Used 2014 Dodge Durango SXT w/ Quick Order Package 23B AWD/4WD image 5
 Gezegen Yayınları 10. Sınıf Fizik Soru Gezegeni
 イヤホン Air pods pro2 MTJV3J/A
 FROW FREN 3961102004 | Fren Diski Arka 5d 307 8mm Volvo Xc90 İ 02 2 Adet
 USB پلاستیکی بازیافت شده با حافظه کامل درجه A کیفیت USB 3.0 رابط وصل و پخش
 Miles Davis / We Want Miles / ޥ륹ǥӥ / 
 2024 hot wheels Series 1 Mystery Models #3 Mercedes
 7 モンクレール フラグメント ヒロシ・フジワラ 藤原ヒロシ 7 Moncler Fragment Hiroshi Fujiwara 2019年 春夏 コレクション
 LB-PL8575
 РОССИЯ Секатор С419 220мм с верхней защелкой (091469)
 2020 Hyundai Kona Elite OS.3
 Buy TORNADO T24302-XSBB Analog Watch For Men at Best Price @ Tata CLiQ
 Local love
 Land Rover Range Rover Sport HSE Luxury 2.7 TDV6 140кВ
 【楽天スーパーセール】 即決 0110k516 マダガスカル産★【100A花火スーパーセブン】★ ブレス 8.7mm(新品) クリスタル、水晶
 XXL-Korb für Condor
========
● WHAT IS EXPECTED
A word-for-word copy of the material above is required.

● EXERCISE SOLUTION
Used 2014 Dodge Durango SXT w/ Quick Order Package 23B AWD/4WD image 5
 Gezegen Yayınları 10. Sınıf Fizik Soru Gezegeni
 イヤホン Air pods pro2 MTJV3J/A
 FROW FREN 3961102004 | Fren Diski Arka 5d 307 8mm Volvo Xc90 İ 02 2 Adet
 USB پلاستیکی بازیافت شده با حافظه کامل درجه A کیفیت USB 3.0 رابط وصل و پخش
 Miles Davis / We Want Miles / ޥ륹ǥӥ / 
 2024 hot wheels Series 1 Mystery Models #3 Mercedes
 7 モンクレール フラグメント ヒロシ・フジワラ 藤原ヒロシ 7 Moncler Fragment Hiroshi Fujiwara 2019年 春夏 コレクション
 LB-PL8575
 РОССИЯ Секатор С419 220мм с верхней защелкой (091469)
 2020 Hyundai Kona Elite OS.3
 Buy TORNADO T24302-XSBB Analog Watch For Men at Best Price @ Tata CLiQ
 Local love
 Land Rover Range Rover Sport HSE Luxury 2.7 TDV6 140кВ
 【楽天スーパーセール】 即決 0110k516 マダガスカル産★【100A花火スーパーセブン】★ ブレス 8.7mm(新品) クリスタル、水晶
 XXL-Korb für Condor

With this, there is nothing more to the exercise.